Virginie Ollagnier & Yan Le Pon, L’Escadron bleu, 1945
Une épopée incroyable dans l’angle mort de l’Histoire
L’album est librement inspiré du livre de Philippe Maynial – Madeleine Pauliac, l’insoumise. C’est l’histoire de sa tante, médecin pédiatre, résistante, lieutenante du service de santé des armées. Elle a 33 ans quand le général De gaulle l’envoie, en avril 1945, à Moscou. C’est de là qu’elle est nommée à la tête de l’hôpital français de Varsovie. C’est ainsi, qu’avec un groupe de onze jeunes femmes volontaires de la Croix Rouge françaises, elle va mener plus de deux cents missions de rapatriements sanitaires sur les routes dévastées de Pologne, où elles risquent chaque jour leur vie.
À Villeneuve-sur-Lot, ce 27 juillet 1946, trois femmes éplorées se retrouvent pour enterrer Madeleine. Elle est morte le 13 février 1946 dans un accident d’automobile à Sochaczew, en Pologne. L’une d’elle fait part de ses doutes. D’après elle, Madeleine dérangeait. Alors…

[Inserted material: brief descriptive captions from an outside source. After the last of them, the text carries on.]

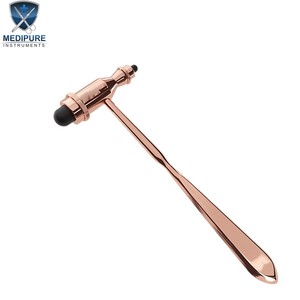 Marteau réflexe manuel en acier inoxydable de qualité supérieure, couleur or rose, léger, certifié CE, instrument de diagnostic neurologique - Product Image 2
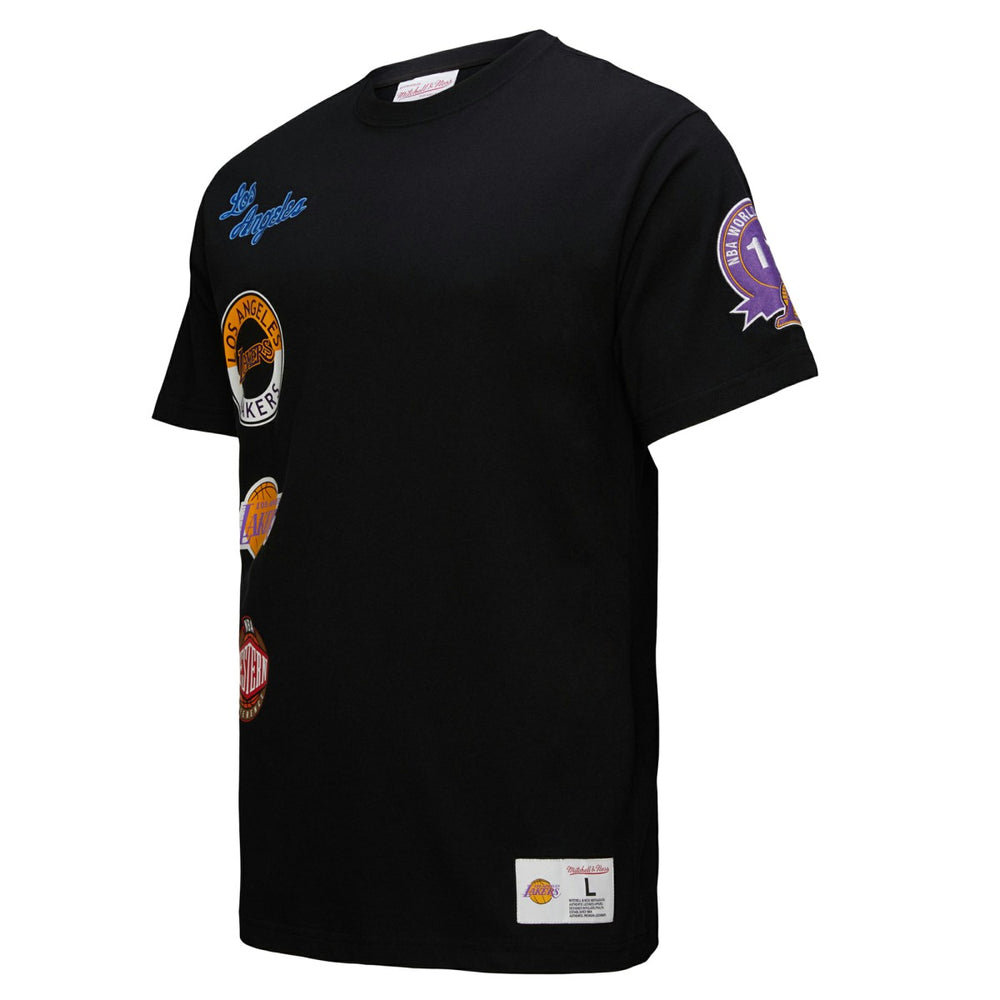 Los Angeles Lakers Black Out Collection Vintage Premium T-Shirt Black - NBA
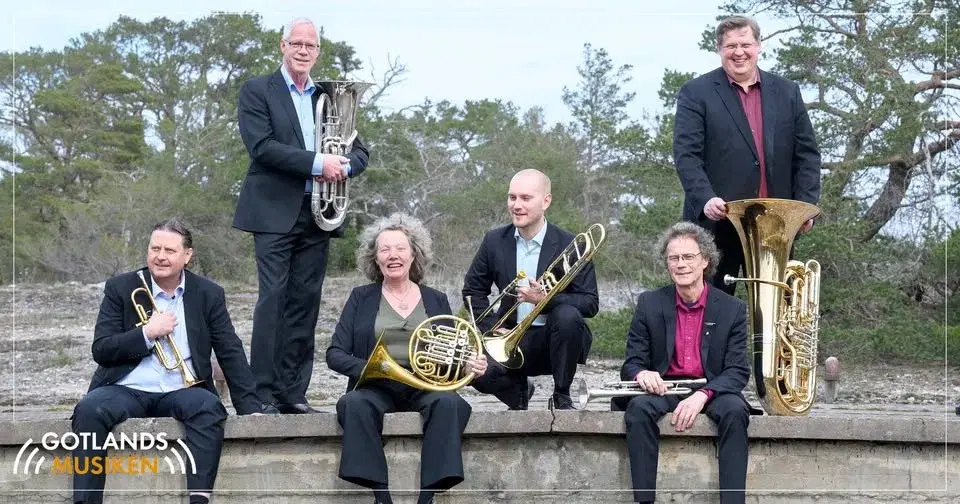 Biblioteksspelning med Gotland Brass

Et la folle équipée commence le 16 avril 1945, à Moscou où la lieutenante Pauliac est convoquée par l’ambassadeur, un général. Elle est vite briffée sur sa nouvelle mission où elle doit « …agir vite, sans espérer le soutien de l’Armée rouge, parfois même contre ses ordres, et rapatrier tous les Français avant « bientôt ». »
Et dans une Pologne où leur présence n’est que tolérée, ce petit groupe de femmes va vivre au cœur du danger, découvrir des horreurs…
Les auteurs racontent le périple de ces soignantes, les diverses rencontres dont certaines, malgré l’atmosphère de fin du monde, sont cocasses. Le nom du groupe vient de la couleur de leurs uniformes. Elles sillonnent des territoires ravagés pour mener à bien cette opération de sauvetage sans précédent. Il y avait quelques 300 000 Français dans cette Pologne occupée par l’Armée rouge. Ce sont les prémices de la Guerre froide. Staline a fait disparaître les membres du gouvernement polonais en exil à Londres pour installer un régime à sa botte dans le pays.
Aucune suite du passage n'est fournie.